Condannato per sempre è Angelo Provenzano, figlio di Binnu. Non può amare suo padre senza che si sovrappongano l’ombra dell’assassino e il sangue delle sue vittime. Pure lui vive in una cella di isolamento. Bernardo si sta spegnendo nel carcere duro, oltre ogni logica, oltre ogni pietà, Angelo sopravvive nel 41 bis dell’amore, incatenato al delitto che non gli appartiene.

Condannato è Angelo Provenzano, oltre ogni pietà, oltre ogni logica, dalla violenza che lo Stato, in nome della legge, sta imponendo al corpo di Binnu. Non c’è più un uomo in cella. C’è il mostro che fu. C’è un fantasma che succhia gli ultimi respiri di vita.

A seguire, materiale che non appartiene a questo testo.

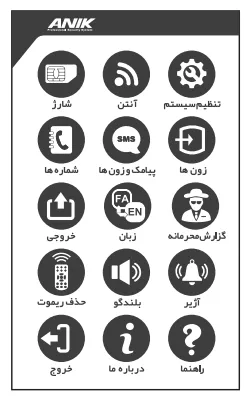 تنظیمات دزدگیر اماکن آنیک 4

E c’è sempre, di riflesso, la condanna di un figlio che invoca il padre, mentre muore così, privo di ogni umanità. La giustizia – se di cognome fai Provenzano – ha il sinistro riflesso dei ceppi, nella camera del supplizio.

Alla condanna della mafia – soffri perché figlio maledetto del male – si è aggiunta l’implacabile sanzione dell’antimafia, quando si è saputo degli incontri che un tour operator organizza tra Angelo e certi turisti in cerca di elementi di prima mano sulla storia di Cosa nostra. L’indignazione è divampata unanime: “Questa notizia ha dell’incredibile. E’ solo apparentemente innocua. Oltre a raccontarsi ai turisti il figlio di Provenzano potrebbe trovare un po’ di tempo per dire ai magistrati dove si trovano le ricchezze accumulate dal padre e chi le amministra”, Beppe Lumia dixit, stando alle cronache.
“Angelo Provenzano ha potuto studiare e vivere con il sangue dei nostri martiri, dovrebbe rinnegare il padre, cambiare il suo nome, conoscere la fatica di chi lavora nei campi confiscati alle mafie”, ha incalzato Vincenzo Agostino, papà di Nino, poliziotto ucciso dalla mafia.

Qui si svela la nudità di certa nostra antimafia militante. Non basta che tu sia davvero innocente. Se sei figlio di Bernardo Provenzano, devi vivere, incatenato al silenzio e all’invisibilità, per espiare una colpa che non hai commesso. C’è la condanna della mafia e quella dell’antimafia che – in assenza di specifici capi di imputazione – punisce il reato di parentela con la morte civile.

Ed è pesante scriverlo, pensando alla barba candida di Vincenzo Agostino e al suo animo straziato di padre. Ma è impossibile non chiedersi quale magrissima speranza rappresenti questa legalità che non perdona il sentimento filiale, né permette occasioni di riscatto, che addita ai figli incolpevoli la stessa cella di isolamento dei genitori, che gli impedisce di dire chi sono e di narrare la loro storia, che preferisce la storie mafiologiche di Massimo Ciancimino; la legalità che ha sostituito la necessità di giustizia, col bisogno di vendetta.

Angelo Provenzano non dovrebbe limitarsi a incontrare i turisti curiosi; dovrebbe essergli consentito di andare nelle scuole, di tenere conferenze, per offrire diretta testimonianza sulle macerie lasciate da Riina e da suo padre nel cuore di tutti. Sarebbe un’altissima lezione di educazione civica. Nessuno meglio di lui potrebbe raccontare quanto sia immenso questo dolore, vissuto dalla parte sbagliata.